Artist Statement 

Vision Statement for Visual Arts Education

Dr. James K. Hill

            My experiences at Teachers College, Colombia University opened a door that lead me to begin contemplating the role of art in education and how the fine arts interrelate with the liberal arts.  The education of artists in higher education sets in motion the need to establish art as a means of inquiry and as ways of knowing.  Deriving meanings from seeing and touching, as distinguished from thinking in language, may be how the visual arts function in epistemology.  Attentive awareness to sensate phenomena can support a type of knowing that is informed by insight/imagination.  The making of art and aesthetic analysis offers something unique to the pedagogy of higher education in that learning proceeds form direct sensate experience, intuition and actual doing.  Philosophers like Kant, Dewy, Collingwood, Langer, and Merleau-Ponty described the process of feeling as an “apprehension” of knowledge instinctively different from rational comprehension.

Anton Ehrezweig (The hidden Order of Art ) criticizes the limitations and taboos of “modernism” that are place upon art students.  During the past fifteen or twenty years the visual arts moved beyond the old age of modern art into what is currently called “Post Modernism”.  Some modernist methods of teaching art may not need to be discarded, but at least in current art schools the old utopian values that denied diversity of style and intent should certainly be questioned for validity in the twenty-first century.  One of the unfortunate causalities of modern art was the figurative humanist tradition.  As images of art, people became signs.
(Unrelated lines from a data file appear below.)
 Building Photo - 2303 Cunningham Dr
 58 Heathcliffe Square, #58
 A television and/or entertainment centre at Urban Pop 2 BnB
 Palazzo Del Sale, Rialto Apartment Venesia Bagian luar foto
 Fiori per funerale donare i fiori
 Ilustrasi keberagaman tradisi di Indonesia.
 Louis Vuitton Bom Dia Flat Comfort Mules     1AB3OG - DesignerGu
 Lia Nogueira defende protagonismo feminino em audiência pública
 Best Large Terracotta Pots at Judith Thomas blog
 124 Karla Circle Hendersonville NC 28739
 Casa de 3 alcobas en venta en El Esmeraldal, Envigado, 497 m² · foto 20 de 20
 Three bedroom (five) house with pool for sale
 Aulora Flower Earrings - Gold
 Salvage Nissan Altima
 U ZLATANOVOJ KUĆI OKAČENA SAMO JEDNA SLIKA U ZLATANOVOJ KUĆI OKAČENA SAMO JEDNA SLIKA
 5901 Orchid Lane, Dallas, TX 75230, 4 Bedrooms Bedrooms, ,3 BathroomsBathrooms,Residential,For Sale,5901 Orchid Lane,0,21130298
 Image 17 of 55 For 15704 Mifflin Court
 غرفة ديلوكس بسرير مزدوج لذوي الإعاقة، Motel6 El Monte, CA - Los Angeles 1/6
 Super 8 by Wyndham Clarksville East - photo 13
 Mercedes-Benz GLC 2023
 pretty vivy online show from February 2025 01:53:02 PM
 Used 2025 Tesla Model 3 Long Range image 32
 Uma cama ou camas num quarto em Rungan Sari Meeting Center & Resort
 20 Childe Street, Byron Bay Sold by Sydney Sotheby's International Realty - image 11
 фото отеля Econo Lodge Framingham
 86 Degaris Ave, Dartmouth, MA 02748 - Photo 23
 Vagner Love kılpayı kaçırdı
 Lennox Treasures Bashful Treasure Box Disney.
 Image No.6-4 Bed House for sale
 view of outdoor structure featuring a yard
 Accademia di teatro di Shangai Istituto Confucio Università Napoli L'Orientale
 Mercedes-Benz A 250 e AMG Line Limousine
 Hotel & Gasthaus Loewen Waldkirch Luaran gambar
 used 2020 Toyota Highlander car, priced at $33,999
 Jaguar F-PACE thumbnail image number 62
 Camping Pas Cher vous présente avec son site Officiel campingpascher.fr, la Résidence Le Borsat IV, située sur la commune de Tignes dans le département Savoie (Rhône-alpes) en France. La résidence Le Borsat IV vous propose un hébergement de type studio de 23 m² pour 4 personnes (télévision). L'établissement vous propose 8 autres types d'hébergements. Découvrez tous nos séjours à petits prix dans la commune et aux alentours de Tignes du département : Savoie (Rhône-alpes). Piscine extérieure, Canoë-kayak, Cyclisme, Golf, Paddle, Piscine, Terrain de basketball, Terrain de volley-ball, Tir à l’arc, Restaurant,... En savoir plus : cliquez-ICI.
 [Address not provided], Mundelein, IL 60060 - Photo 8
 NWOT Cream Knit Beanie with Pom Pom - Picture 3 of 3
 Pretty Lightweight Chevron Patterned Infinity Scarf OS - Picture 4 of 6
Symbols or masks but not real people.  Representational art was cast aside as being unworthy for modern art to seriously consider.  In today’s art schools this age old tradition could be allowed to re-enter art instruction as one o f the many expressions of visual art

My vision of an art pedagogy would be very much in agreement with the art critic, Theodore Wolff, (The Many Masks of Modern Art ) in that neither one of us would support the idea that only the most recent style of art is acceptable.  The belief that form as content would always provide significant meaning has been debunked, and individuals should have the right to challenges this basic concept of “high art”.  Art students need to be encouraged to seek for their own identity and to understand how the arts could extend their perceptions of the nature and purposes of living a self reflective life.  An art program with this goal in mind would be expansive not restrictive.  Any style of tradition would be acceptable as long as quality prevails.

Instead of tying to create contemporary artists in the first year of a college art program, I believe more fundamentally things need attention.  Perception and imagination are noticeably weak in the work of too many beginning students.  Consequently, drawing and modeling skills should be a foundation for all advanced coursework in order to develop perception because a creative imagination grows from a discrimination perception.  Hence, teaching students how to see the phenomenal world around them as well as to see their won responses to their worlds promises to be a solid way to initiate art students into creativity.  The old foundations program of two and three dimensional design courses should be questioned seriously if not abandoned because all too often there is very little carry-over from them to beginning level studio courses.  It seems that freshman students might have lobotomies immediately after passing foundation design courses.  This lack of continuity might stem from the fractured and itemized way of introducing design concepts.  Foundations projects are too often contrived to produce a fail safe design that has little or nothing to do with a student’s comprehension of what it all might mean in terms of self expression.  I believe that beginning drawing as composition could do more than the traditional way of teaching foundations especially if every introductory level studio course also dealt with composition in its own medium.

Graduating seniors should be expected to mount an exhibition, write an articulate statement about their work, and make a presentation to a faculty committee before a student audience.  My vision continues to include teaching student to be articulate about their artwork and to be capable of visually analyzing works of art including their own.  Also, they need to be taught how to return to the same level of unconscious submersion or autonomous activity that directed their initial creativity.  What they have conceived through critiques all too often short circuits any return to the same kind of creative energy that started a project.  When we make art, our mid that use languages usually does not function, at least not in the same way that it does in conversation or in rational explanations.  Apprehension through the senses and feelings works well while artists are completely engaged in the making of art.  Whereas the rational way of knowing by comprehension is the vehicle for analytical refection about one’s own art work.  Both of these ways of knowing by feeling and by thinking are necessary for an art student.  Art professors must relied upon language to articulate what their inner perceptions and feelings may be able to see.  Hence, students hang on to the discursive explanations and criticism so much so that they easily can be derailed from getting back into their own initial creative energies.  If art students understand that they have more than one means of making judgment and that these processes can be independent of one another, then they would consider apprehension and comprehension to be like their two legs.  To run a race we need both of them; otherwise, we merely are hopping around!

I might add that the same might be true for a liberal arts major because education would be incomplete if it did not sharpen both methods of discover whether that means by thought processes or by non verbal insights of feelings and intuitions.    Whether a students is a liberal arts major or a fine arts majors should not make that much difference in educating his or her understanding go the meanings of the “human condition”.  While the fine arts are usually more non-verbal, they never the less can produce the same kind of insights that literature, history and philosophy seek to record and articulate.